C # Crawl page data Parse title description picture information Remove HTML Tags _c# tutorial

Source: Internet
Author: User

First, the Web page content of the entire crawl down, the data put in byte[] (network transmission on the form of byte), further converted to string, so as to facilitate its operation, examples are as follows:

Copy Code code as follows:

private static string Getpagedata (string url)
{
if (url = null | | URL. Trim () = = "")
return null;
WebClient WC = new WebClient ();
Wc. Credentials = CredentialCache.DefaultCredentials;
byte[] Pagedata = WC. Downloaddata (URL);
Return Encoding.Default.GetString (pagedata);//. Ascii. GetString
}

Second, get the data of the string form, and then you can parse the Web page (in fact, the string of various operations and regular expressions of the application):

There are several common resolutions:

1. Get title

Copy Code code as follows:

Match Titlematch = Regex.match (Strresponse, "<title> ([^<]*) </title>", Regexoptions.ignorecase | Regexoptions.multiline);
title = Titlematch.groups[1]. Value;

2. Get descriptive information

Copy Code code as follows:

Match Desc = Regex.match (Strresponse, "<meta name=\" description\ "content=\" ([^<]*) \ ">", Regexoptions.ignorecase | Regexoptions.multiline);
Strdesc = desc.groups[1]. Value;

3. Get Pictures

Copy Code code as follows:

public class HtmlHelper
{
<summary>
Extract picture address in HTML
</summary>
public static list<string> Pickupimgurl (string html)
{
Regex regimg = new Regex (@ "]*?\bsrc[\s\t\r\n]*=[\s\t\r\n]*[" "']?[ \s\t\r\n]* (? [^\s\t\r\n "" ' <>]* ") [^<>]*?/?] [\s\t\r\n]*> ", regexoptions.ignorecase);
MatchCollection matches = regimg.matches (HTML);
list<string> lstimg = new list<string> ();
foreach (match match in matches)
{
Lstimg.add (match. groups["Imgurl"]. Value);
}
return lstimg;
}
<summary>
Extract picture address in HTML
</summary>
public static string Pickupimgurlfirst (string html)
{
list<string> lstimg = pickupimgurl (HTML);
return Lstimg.count = = 0? String. EMPTY:LSTIMG[0];
}
}

4. Remove HTML tags

Copy Code code as follows:

private string striphtml (string strhtml)
{
Regex objregexp = new Regex ("<. | \ n) +?> ");
String stroutput = Objregexp.replace (strHTML, "");
Stroutput = Stroutput.replace ("<", "<");
Stroutput = Stroutput.replace (">", ">");
return stroutput;
}

Some exceptions make the removal dirty, so it is recommended to convert it twice in succession. This translates the HTML tags into spaces. Too many contiguous spaces affect the subsequent operation of the string. So add a statement like this:

Copy Code code as follows:

Make all the blanks into a space
Regex r = new Regex (@ "\s+");
Wordsonly = R.replace (Strresponse, "");
Wordsonly.trim ();

Related Article

Contact Us

The content source of this page is from Internet, which doesn't represent Alibaba Cloud's opinion; products and services mentioned on that page don't have any relationship with Alibaba Cloud. If the content of the page makes you feel confusing, please write us an email, we will handle the problem within 5 days after receiving your email.

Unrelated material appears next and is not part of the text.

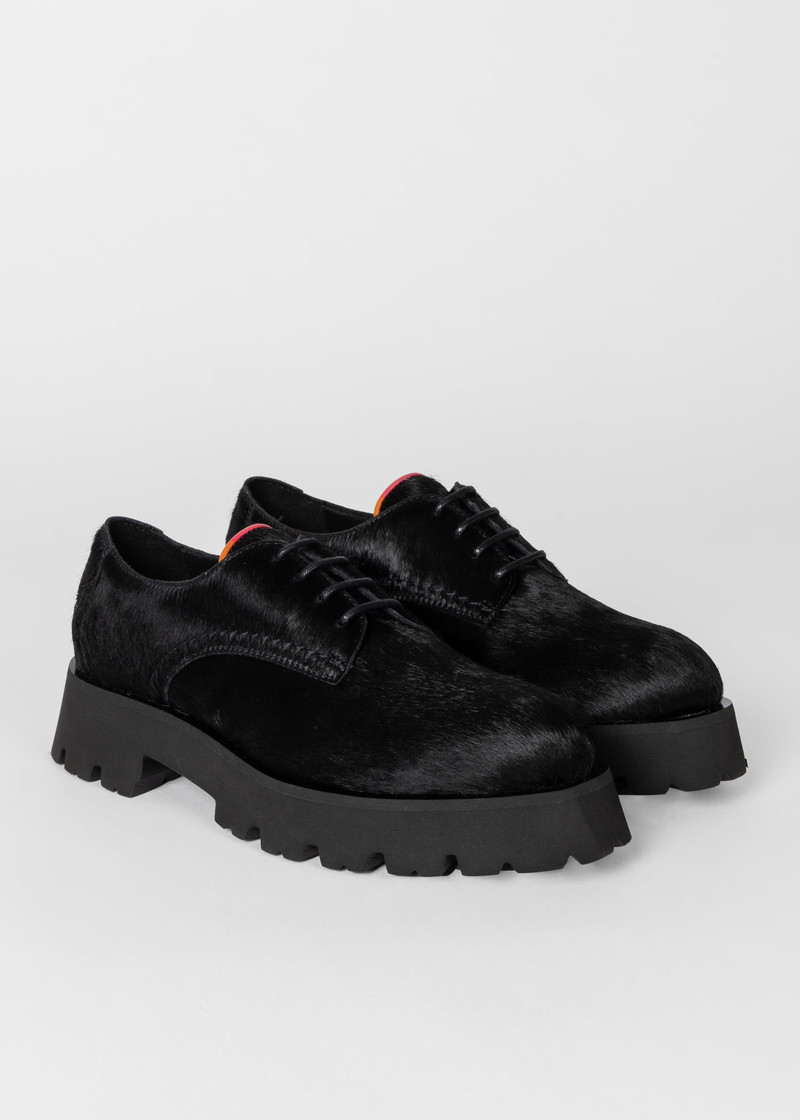 Black Fur 'Dawn' Lace Up Shoes 4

If you find any instances of plagiarism from the community, please send an email to: info-contact@alibabacloud.com and provide relevant evidence. A staff member will contact you within 5 working days.

A Free Trial That Lets You Build Big!

Start building with 50+ products and up to 12 months usage for Elastic Compute Service

  • Sales Support

    1 on 1 presale consultation

  • After-Sales Support

    24/7 Technical Support 6 Free Tickets per Quarter Faster Response

  • Alibaba Cloud offers highly flexible support services tailored to meet your exact needs.